● **SUPPLIED DATA**:
=====

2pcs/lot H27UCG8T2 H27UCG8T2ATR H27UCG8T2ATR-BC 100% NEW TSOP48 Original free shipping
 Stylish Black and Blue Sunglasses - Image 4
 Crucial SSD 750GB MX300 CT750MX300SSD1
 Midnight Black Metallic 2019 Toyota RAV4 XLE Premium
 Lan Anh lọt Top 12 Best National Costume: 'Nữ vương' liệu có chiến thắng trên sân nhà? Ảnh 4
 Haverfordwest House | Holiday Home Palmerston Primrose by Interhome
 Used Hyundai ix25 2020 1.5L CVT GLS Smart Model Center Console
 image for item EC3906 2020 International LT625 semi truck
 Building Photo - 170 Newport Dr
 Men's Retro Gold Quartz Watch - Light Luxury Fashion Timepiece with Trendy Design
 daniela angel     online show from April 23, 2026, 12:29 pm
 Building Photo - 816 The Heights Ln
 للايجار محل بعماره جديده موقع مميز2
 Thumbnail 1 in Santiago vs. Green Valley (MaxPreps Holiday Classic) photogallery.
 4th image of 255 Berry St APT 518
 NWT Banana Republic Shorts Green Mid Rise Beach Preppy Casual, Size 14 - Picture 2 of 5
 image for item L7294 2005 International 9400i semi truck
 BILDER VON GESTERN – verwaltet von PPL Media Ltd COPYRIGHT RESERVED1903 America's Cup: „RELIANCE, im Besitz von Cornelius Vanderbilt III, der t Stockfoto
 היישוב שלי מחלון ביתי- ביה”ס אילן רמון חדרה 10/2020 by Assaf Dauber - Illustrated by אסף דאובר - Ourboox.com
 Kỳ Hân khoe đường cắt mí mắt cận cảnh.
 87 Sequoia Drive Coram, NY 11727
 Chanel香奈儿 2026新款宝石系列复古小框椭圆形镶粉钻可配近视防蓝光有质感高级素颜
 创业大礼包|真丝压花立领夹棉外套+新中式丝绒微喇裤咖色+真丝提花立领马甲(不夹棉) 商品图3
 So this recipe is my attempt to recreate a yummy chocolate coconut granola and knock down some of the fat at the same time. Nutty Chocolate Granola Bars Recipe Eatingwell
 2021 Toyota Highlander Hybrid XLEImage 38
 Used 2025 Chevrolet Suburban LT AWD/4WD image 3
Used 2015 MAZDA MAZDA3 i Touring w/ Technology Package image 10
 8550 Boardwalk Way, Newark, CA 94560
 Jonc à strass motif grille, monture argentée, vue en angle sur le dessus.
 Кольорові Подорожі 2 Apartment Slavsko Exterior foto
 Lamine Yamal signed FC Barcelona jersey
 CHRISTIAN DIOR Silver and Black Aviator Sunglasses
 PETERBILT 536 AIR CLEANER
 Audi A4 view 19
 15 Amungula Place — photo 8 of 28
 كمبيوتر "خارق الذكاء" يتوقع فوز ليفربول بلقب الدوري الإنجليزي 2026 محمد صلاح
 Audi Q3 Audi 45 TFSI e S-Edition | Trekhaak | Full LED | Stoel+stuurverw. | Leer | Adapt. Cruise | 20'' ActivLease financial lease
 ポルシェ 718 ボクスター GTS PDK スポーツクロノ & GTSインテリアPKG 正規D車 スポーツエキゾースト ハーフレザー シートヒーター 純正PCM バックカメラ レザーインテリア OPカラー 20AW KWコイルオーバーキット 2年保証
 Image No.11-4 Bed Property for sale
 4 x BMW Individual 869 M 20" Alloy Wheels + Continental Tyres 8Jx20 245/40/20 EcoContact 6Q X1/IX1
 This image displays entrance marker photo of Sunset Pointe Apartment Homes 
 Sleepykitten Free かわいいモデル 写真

=====

● **ABOUT THIS TASK**: What you should produce is an exact retyping of every line above.

● **REPLY**:
2pcs/lot H27UCG8T2 H27UCG8T2ATR H27UCG8T2ATR-BC 100% NEW TSOP48 Original free shipping
 Stylish Black and Blue Sunglasses - Image 4
 Crucial SSD 750GB MX300 CT750MX300SSD1
 Midnight Black Metallic 2019 Toyota RAV4 XLE Premium
 Lan Anh lọt Top 12 Best National Costume: 'Nữ vương' liệu có chiến thắng trên sân nhà? Ảnh 4
 Haverfordwest House | Holiday Home Palmerston Primrose by Interhome
 Used Hyundai ix25 2020 1.5L CVT GLS Smart Model Center Console
 image for item EC3906 2020 International LT625 semi truck
 Building Photo - 170 Newport Dr
 Men's Retro Gold Quartz Watch - Light Luxury Fashion Timepiece with Trendy Design
 daniela angel     online show from April 23, 2026, 12:29 pm
 Building Photo - 816 The Heights Ln
 للايجار محل بعماره جديده موقع مميز2
 Thumbnail 1 in Santiago vs. Green Valley (MaxPreps Holiday Classic) photogallery.
 4th image of 255 Berry St APT 518
 NWT Banana Republic Shorts Green Mid Rise Beach Preppy Casual, Size 14 - Picture 2 of 5
 image for item L7294 2005 International 9400i semi truck
 BILDER VON GESTERN – verwaltet von PPL Media Ltd COPYRIGHT RESERVED1903 America's Cup: „RELIANCE, im Besitz von Cornelius Vanderbilt III, der t Stockfoto
 היישוב שלי מחלון ביתי- ביה”ס אילן רמון חדרה 10/2020 by Assaf Dauber - Illustrated by אסף דאובר - Ourboox.com
 Kỳ Hân khoe đường cắt mí mắt cận cảnh.
 87 Sequoia Drive Coram, NY 11727
 Chanel香奈儿 2026新款宝石系列复古小框椭圆形镶粉钻可配近视防蓝光有质感高级素颜
 创业大礼包|真丝压花立领夹棉外套+新中式丝绒微喇裤咖色+真丝提花立领马甲(不夹棉) 商品图3
 So this recipe is my attempt to recreate a yummy chocolate coconut granola and knock down some of the fat at the same time. Nutty Chocolate Granola Bars Recipe Eatingwell
 2021 Toyota Highlander Hybrid XLEImage 38
 Used 2025 Chevrolet Suburban LT AWD/4WD image 3
Used 2015 MAZDA MAZDA3 i Touring w/ Technology Package image 10
 8550 Boardwalk Way, Newark, CA 94560
 Jonc à strass motif grille, monture argentée, vue en angle sur le dessus.
 Кольорові Подорожі 2 Apartment Slavsko Exterior foto
 Lamine Yamal signed FC Barcelona jersey
 CHRISTIAN DIOR Silver and Black Aviator Sunglasses
 PETERBILT 536 AIR CLEANER
 Audi A4 view 19
 15 Amungula Place — photo 8 of 28
 كمبيوتر "خارق الذكاء" يتوقع فوز ليفربول بلقب الدوري الإنجليزي 2026 محمد صلاح
 Audi Q3 Audi 45 TFSI e S-Edition | Trekhaak | Full LED | Stoel+stuurverw. | Leer | Adapt. Cruise | 20'' ActivLease financial lease
 ポルシェ 718 ボクスター GTS PDK スポーツクロノ & GTSインテリアPKG 正規D車 スポーツエキゾースト ハーフレザー シートヒーター 純正PCM バックカメラ レザーインテリア OPカラー 20AW KWコイルオーバーキット 2年保証
 Image No.11-4 Bed Property for sale
 4 x BMW Individual 869 M 20" Alloy Wheels + Continental Tyres 8Jx20 245/40/20 EcoContact 6Q X1/IX1
 This image displays entrance marker photo of Sunset Pointe Apartment Homes 
 Sleepykitten Free かわいいモデル 写真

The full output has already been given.